Condition
Minor burns
Superficial burns affecting the outer skin layers, causing redness, pain, and sometimes blistering, that usually heal without scarring when small and well cared for.
See a clinician
Some causes of minor burns need medical care, not self-treatment. Seek help for any of these:
- Burns larger than the palm of your hand, or on the face, hands, feet, genitals, or over a joint — seek medical care.
- Deep burns that look white, leathery, or charred, or cause little pain (full-thickness) — emergency care.
- Chemical or electrical burns, or any burn with signs of infection (increasing pain, pus, fever) — get medical help.
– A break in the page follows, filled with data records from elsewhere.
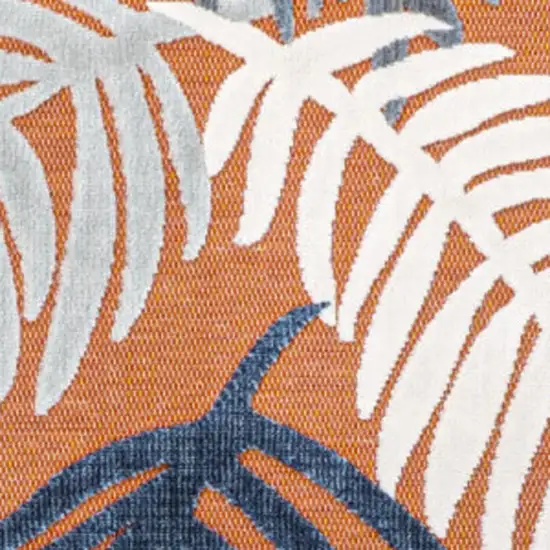Orange Navy Blue And Ivory Floral Indoor Outdoor Area Rug Photo 2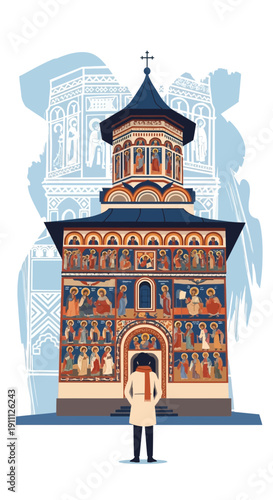 Ornate Religious Edifice With Intricate Murals And A Solitary Observer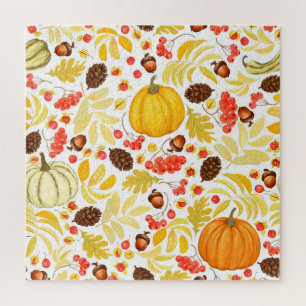 Puzzle Citrouilles d'automne, glands, arrière - plan vint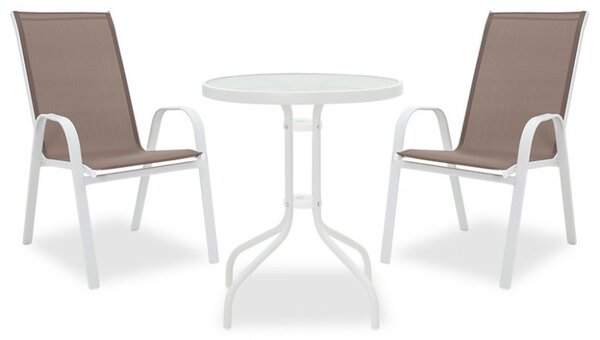 Set Masa si Scaune Gradina Calan-Watson 3 Piese Alb - Maro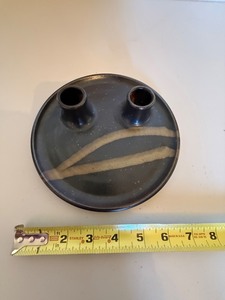 Stoneware Double Taper Candle Holder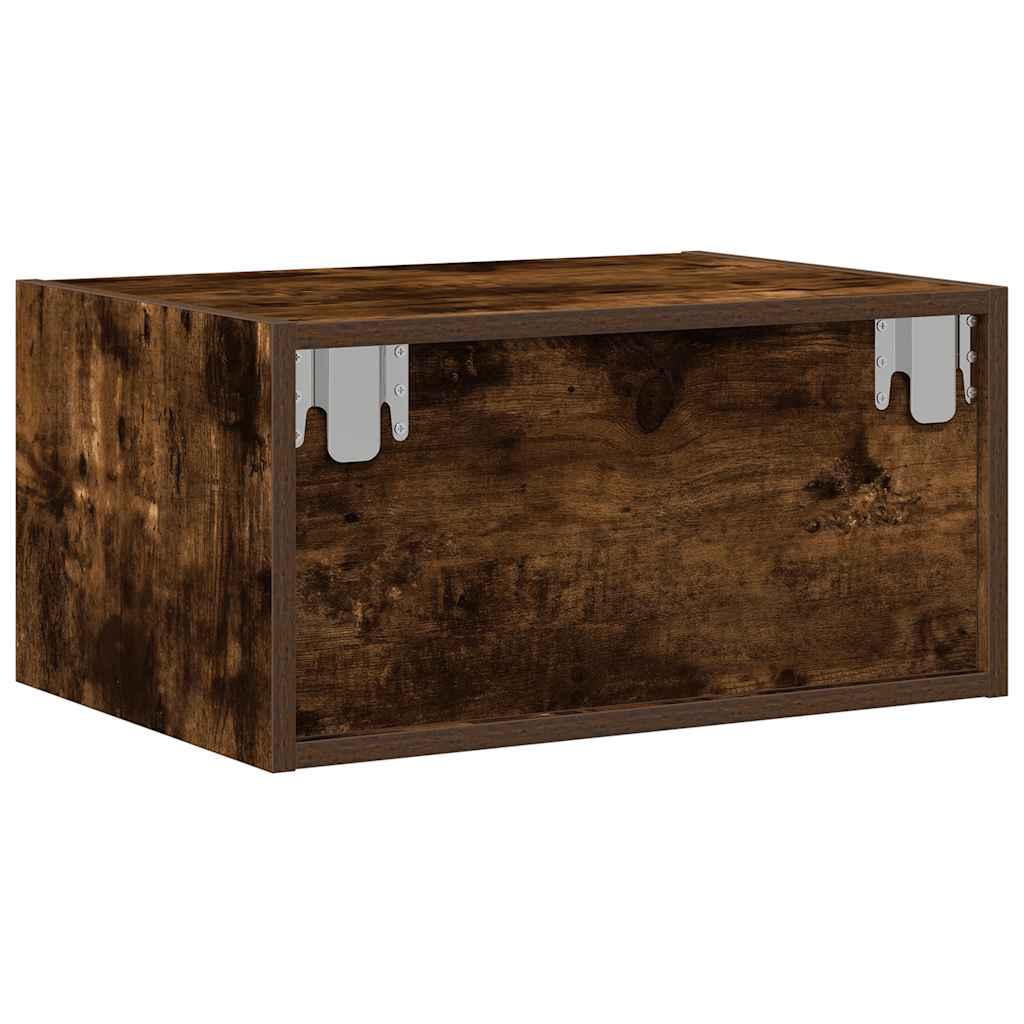 Wall-mounted nightstand with LED, smoked oak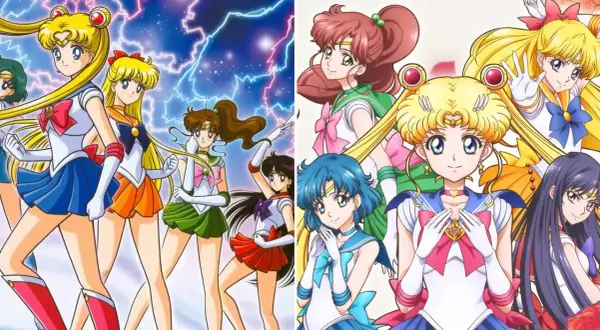 Sailor Moon anime: wojowniczki w strojach z błyskawicami i kwiatami.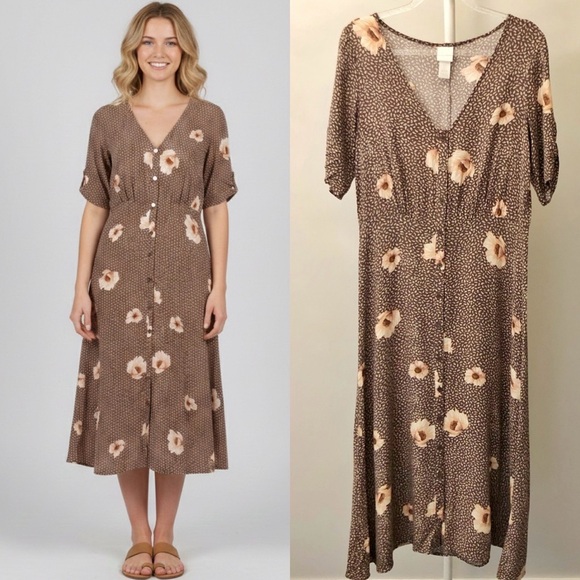 H&M Dresses & Skirts - H&M Boho Feminine Cottagecore Tan Earthy Button Down Summer Festival Maxi Dress.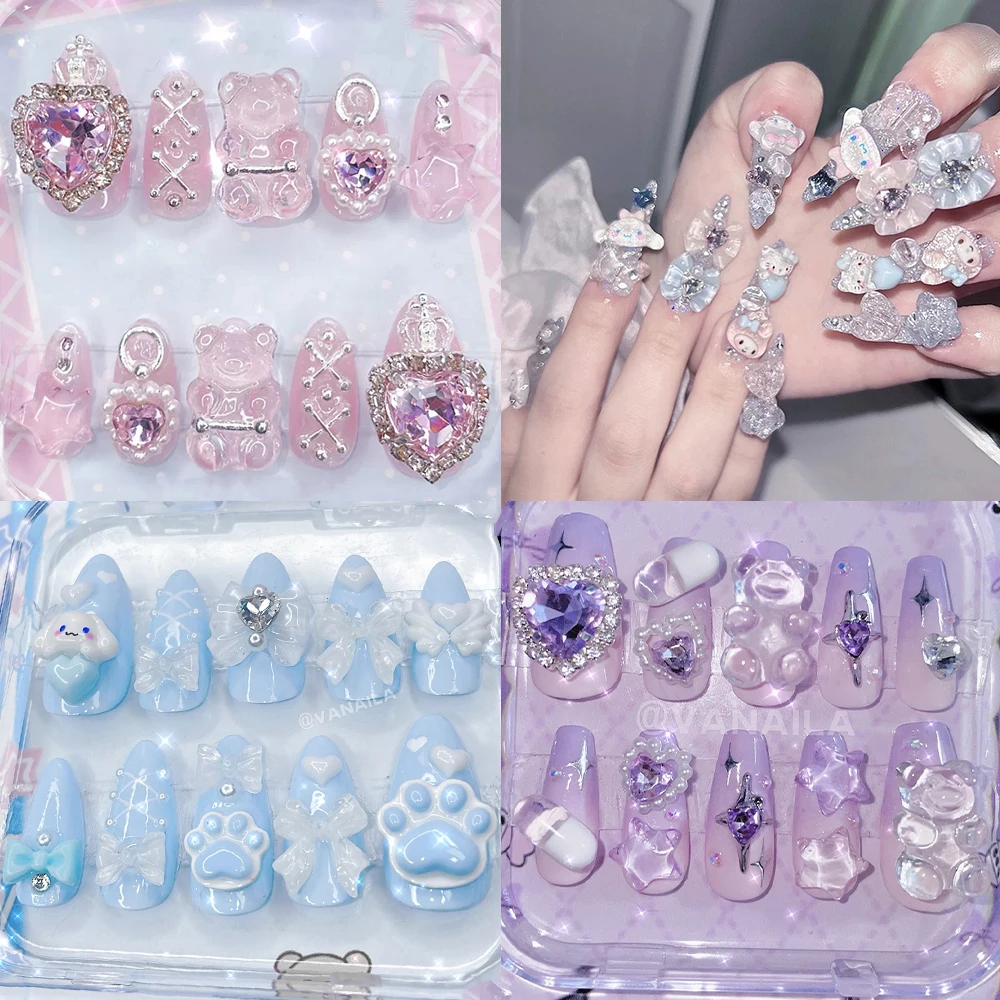 

10Pcs 3D Cartoon Kawaii Sanrio My Melody Press On Nails Sweet Cool Style Bear Capsule Rhinestone Reusable Fake Nails Gifts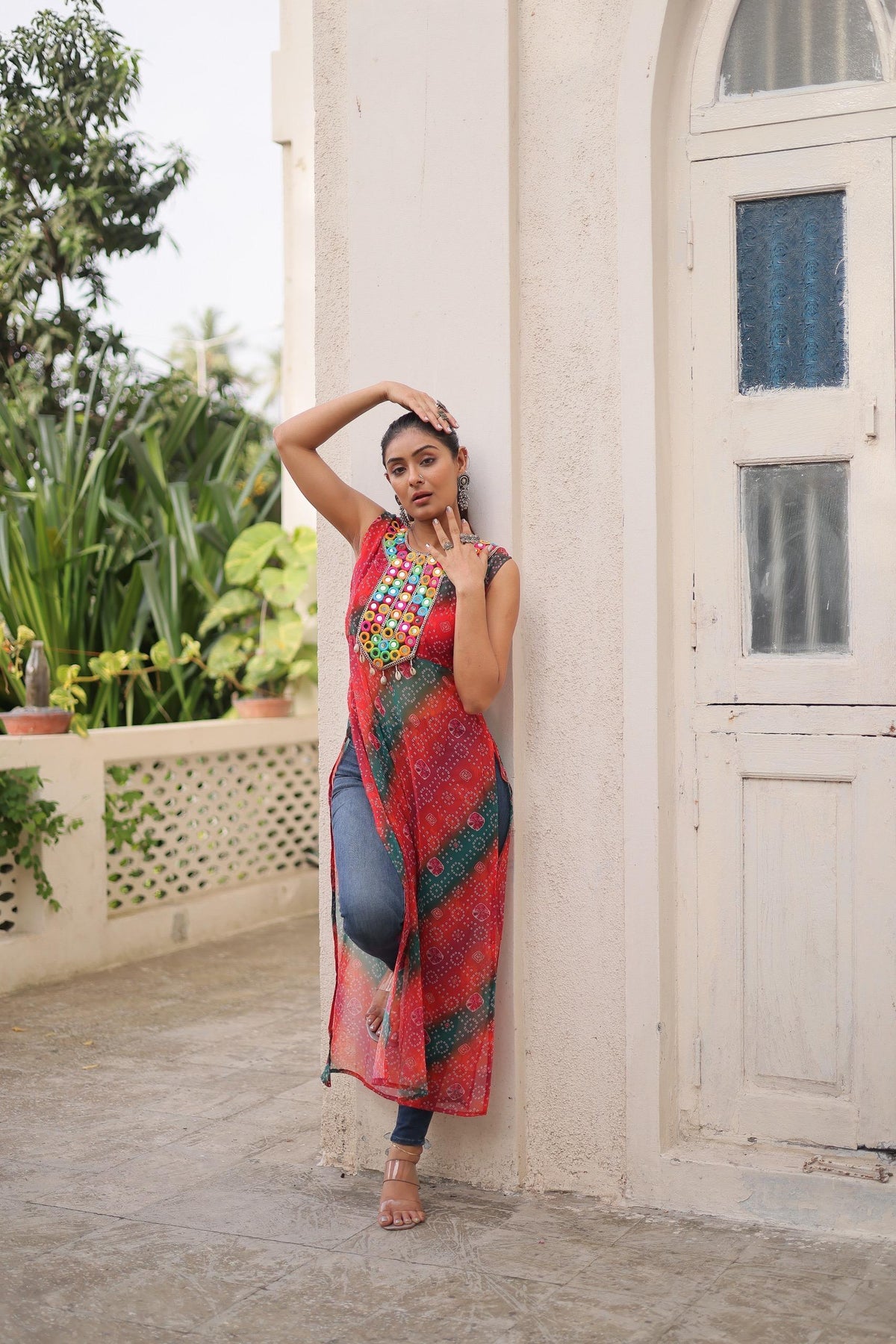 Bandhej Mirror Work Kurti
- Burns in infants, older adults, or anyone with diabetes or poor circulation — have them assessed.
What may help
Remedies studied for minor burns, ranked by strength of evidence.
- B Aloe vera (topical) herb
Topical gel shortens second-degree burn healing time by ~4 days versus comparators, with no rise in infection risk; pooled trials are few and of limited quality.
For small, shallow burns the priorities are cooling with running water, gentle cleaning, and covering. Topical aloe vera has trial evidence for speeding healing of minor (second-degree) burns; it is an adjunct to, not a substitute for, proper first aid and medical care when a burn is serious.